Rep. Pete Sessions (R-Tx.) has introduced legislation that appears to allow cosmetics manufacturers to keep product complaints reported to the federal government secret. The legislation (H.R. 575), appears to allow the executive branch wide latitude to determine through regulation what agencies must require manufacturers to disclose publicly.
“(g) List.—The Secretary shall compile and maintain an up-to-date and publicly available electronic list of cosmetics and ingredients for which statements are submitted under this section. A statement submitted pursuant to this section shall not be subject to disclosure under section 552 of title 5, United States Code. The Secretary may make publicly available information derived from such statements that discloses the names of ingredients used in cosmetics and the number of cosmetics in which a specific ingredient is used, but may not make publicly available any information that relates to any ingredient that is exempt from public disclosure under section 720.8 of title 21, Code of Federal Regulations (as in effect on the date of enactment of the Cosmetic Modernization Amendments of 2017 and including any successor regulations), or that discloses at what establishment a cosmetic is manufactured. At the written request of the director of a State agency responsible for regulating the safety of cosmetics stating good cause therefor, the Secretary may disclose to such official confidential business and trade secret information contained in a statement and such official and other State employees who have access to such information shall then be subject to the provisions of section 301(j) of this Act, section 552(b) of title 5, United States Code, and section 1905 of title 18, United States Code, with respect to such information.

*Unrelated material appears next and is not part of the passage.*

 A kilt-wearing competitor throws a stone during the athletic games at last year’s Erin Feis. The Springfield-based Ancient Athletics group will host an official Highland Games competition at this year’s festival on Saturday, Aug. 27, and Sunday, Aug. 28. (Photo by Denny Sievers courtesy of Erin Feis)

“(h) Exemptions.—Submission of a statement under subsection (a) shall not be required—
“(1) for a cosmetic for which as of the date of enactment of this section a cosmetic ingredient statement has been submitted to the Secretary under part 710 of title 21, Code of Federal Regulations (as in effect on the date of enactment of the Cosmetic Modernization Amendments of 2017);
“(2) for a cosmetic ingredient exempt from public disclosure under section 720.8 of title 21, Code of Federal Regulations (as in effect on the date of enactment of the Cosmetic Modernization Amendments of 2017 and including any successor regulations); or
“(3) by an entity to the extent such entity is exempted by section 605(e) from registration under section 605.”.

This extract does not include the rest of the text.